## TASK TO CARRY OUT
Without including any images, repeat the listing below exactly.

*** Opening of DATASET CONTENT ***

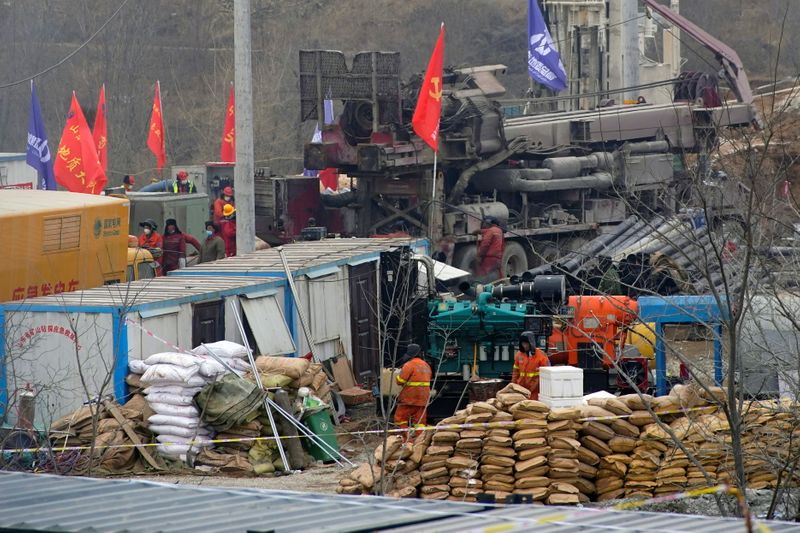 © Reuters. Rescuers work at the Hushan gold mine where workers were trapped underground after the Jauary 10 explosion, in Qixia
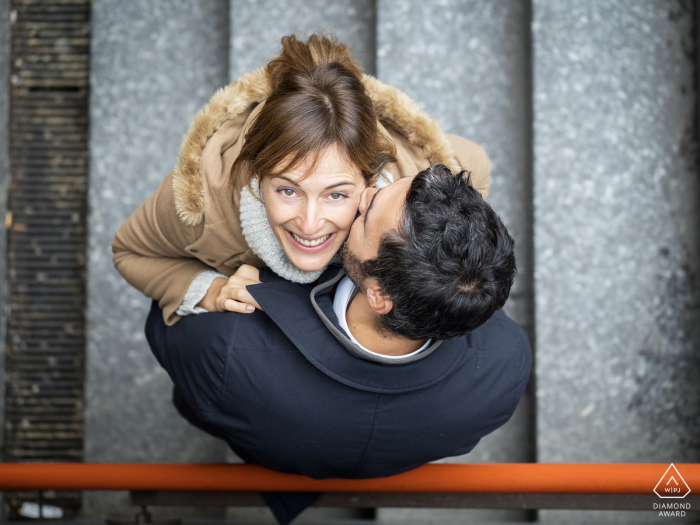 engagement photo shot overhead looking down on the couple on stairs Lombardy engagement photo shot overhead looking down on the couple on stairs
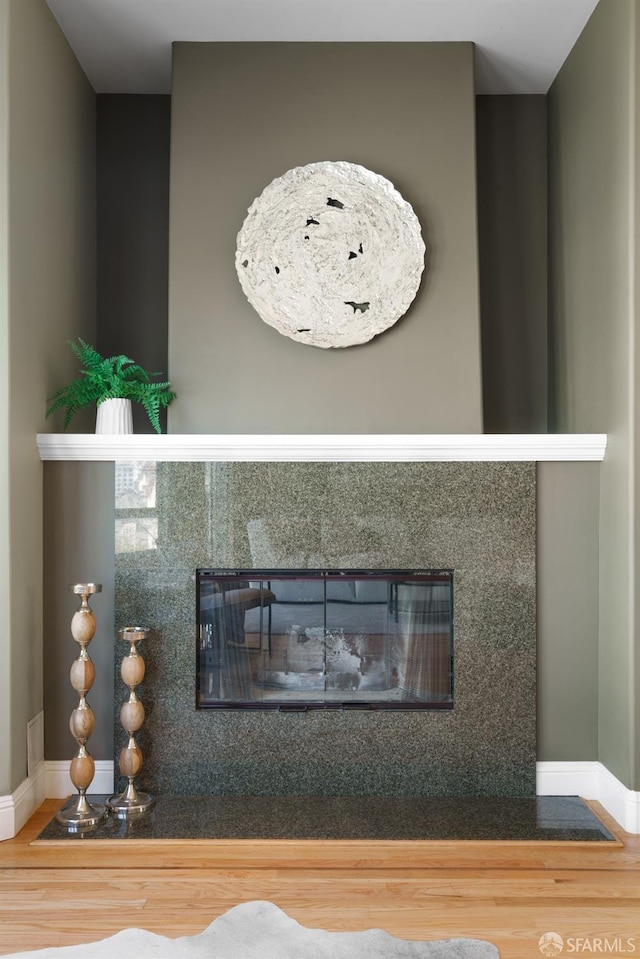3310 19th St Unit 303, San Francisco, CA 94110 - detailed view of a fireplace with flush hearth, wood finished floors, and baseboards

*** Close of DATASET CONTENT ***

## SOLVED EXERCISE
 © Reuters. Rescuers work at the Hushan gold mine where workers were trapped underground after the Jauary 10 explosion, in Qixia
 engagement photo shot overhead looking down on the couple on stairs Lombardy engagement photo shot overhead looking down on the couple on stairs
3310 19th St Unit 303, San Francisco, CA 94110 - detailed view of a fireplace with flush hearth, wood finished floors, and baseboards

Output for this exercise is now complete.